John Stainer (1840-1901), born at London, England, was a chorister at St. Paul’s Cathedral there from 1847 to 1856.  At that tender age the prodigy began to compose church music and play the organ.  Aged only fourteen years, our saint became the Organist for St. Benet and St. Peter’s, Paul’s Wharf.  Two years later he left that church for St. Michael’s, Tenbury, where he fulfilled the same duties.  In 1859 Stainer began his studies at Oxford, where he became the Organist at Magdalen College.  From 1863 to 1872 he was the Organist of the University.  Then, from 1872 to 1888, Stainer served as the Organist at St. Paul’s Cathedral, London, where his musical journey had begun.

Stainer also taught the playing of the organ at the National Training School for Music, at which he became the Principal in 1881.  Our saint, knighted in 1888, taught at Oxford from 1889 to 1899.

Stainer edited hymnals, composed music, and wrote about music.  He wrote the Dictionary of Musical Terms and Early Bodleian Music:  Dufay and His Contemporaries, for example.  He composed anthems, an oratorio (Gideon), and cantatas:

  • The Daughter of Jairus (1878);
  • Saint Mary Madgalen (1883); and
  • The Crucifixion (1887).

Walter Galpin Alcock (1861-1947) was among Stainer’s pupils at the National Training School for Music.  Alcock, born  at Edenbridge, Kent, was also a prodigy.  In 1873 he became the Assistant Organist at St.
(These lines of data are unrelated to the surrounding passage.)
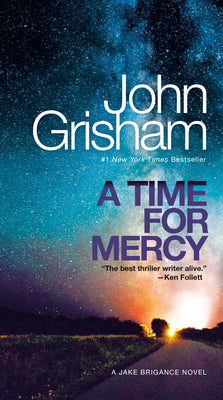 A Time for Mercy: A Jake Brigance Novel by John Grisham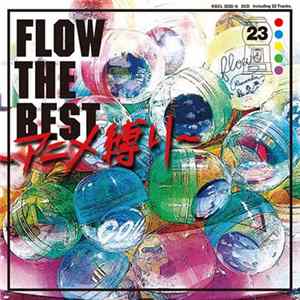 Download Flow - Flow The Best(アニメ縛り)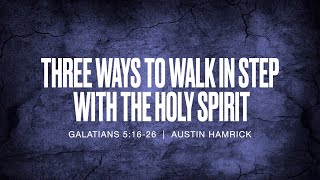Celebrity Three Ways to Walk in Step with the Spirit  |  Galatians 5:16-26  |  Austin Hamrick Profile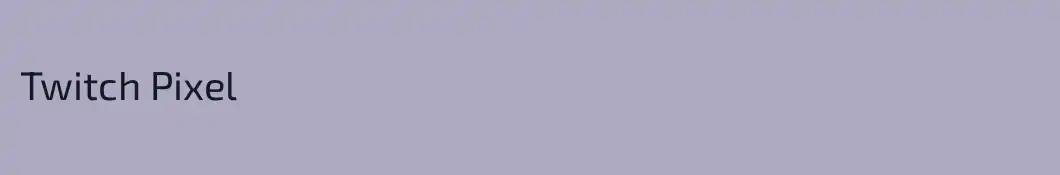 Twitch Pixel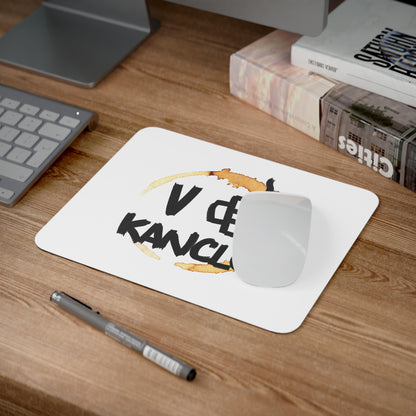 Podložka pod myš "V KANCLU"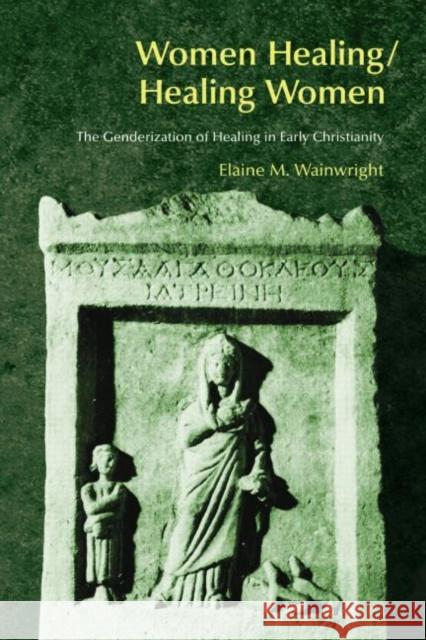 Women Healing/Healing Women: The Genderisation of Healing in Early Christianity Wainwright, Elaine 9781845531355 Equinox Publishing (UK) - książka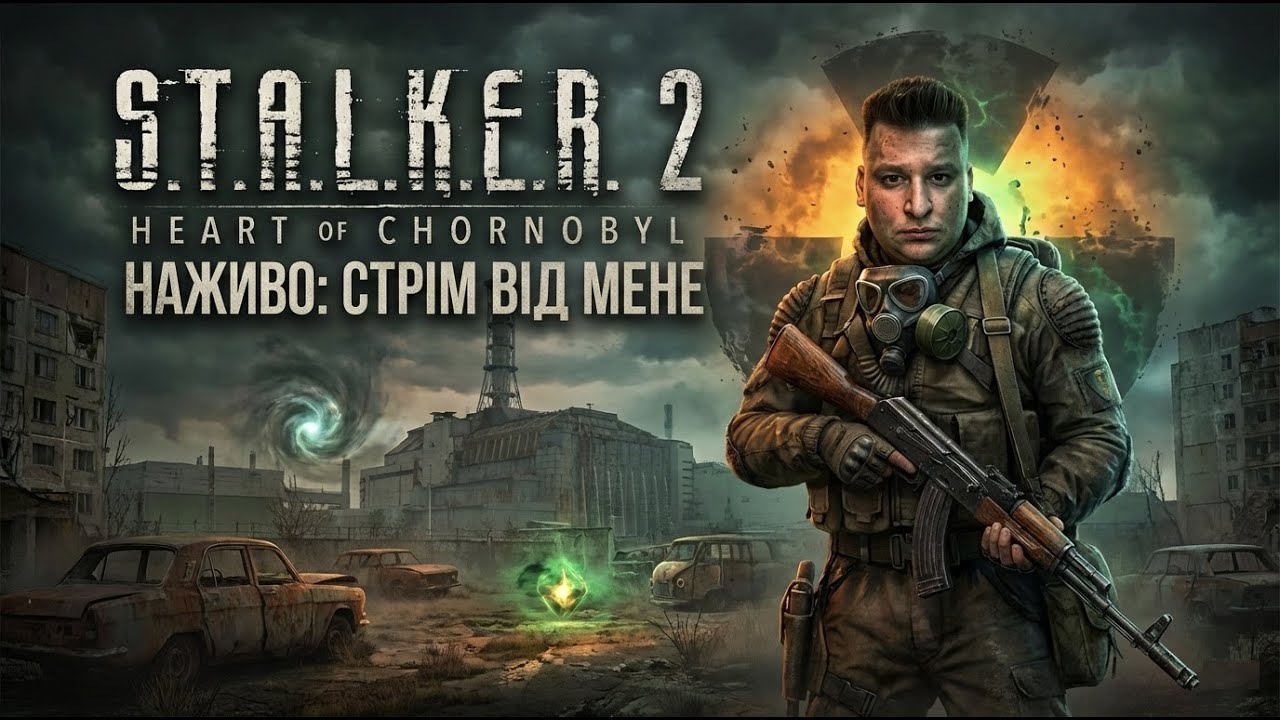 S.T.A.L.K.E.R. 2 | kurop1atnyk | Проходження українською | Live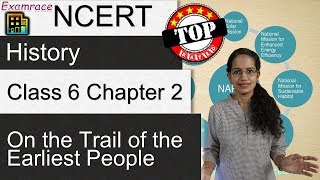 NCERT Class 6 History Chapter 2 On the Trail of the Earliest People  doorsteptutorcom [upl. by Ainegul]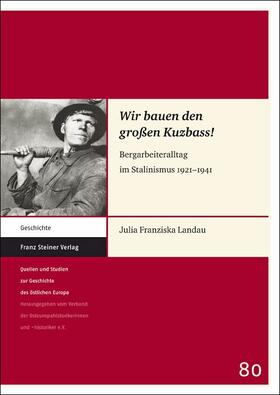 Landau |  "Wir bauen den großen Kuzbass!" | eBook | Sack Fachmedien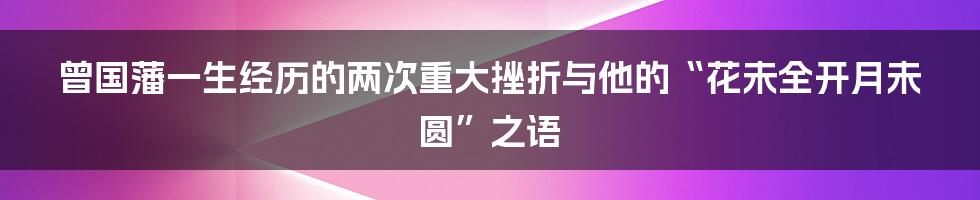 曾国藩一生经历的两次重大挫折与他的“花未全开月未圆”之语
Mary’s Church, Twickenham; he filled the Organist position six years later.  Alcock played the organ at the Church of the Annunciation, Portman Square, from 1887 to 1895, then at Holy Trinity, Sloane Square, from 1895 to 1902.  From 1896 to 1916 Alcock also functioned as the Assistant Organist at Westminster Abbey.  He served also as the Organist at the Chapel Royal from 1902 to 1916.  His final church assignment was at Salisbury Cathedral, where he was the Organist and Choirmaster from 1917 to his death in 1947.

Alcock, knighted in 1933, taught the organ at his alma mater, the National Training School for Music, and composed much church music for the organ.  He also played the organ for three coronations:  those for Edward VIII (reigned 1901-1910), George V (reigned 1910-1936), and George VI (1936-1952).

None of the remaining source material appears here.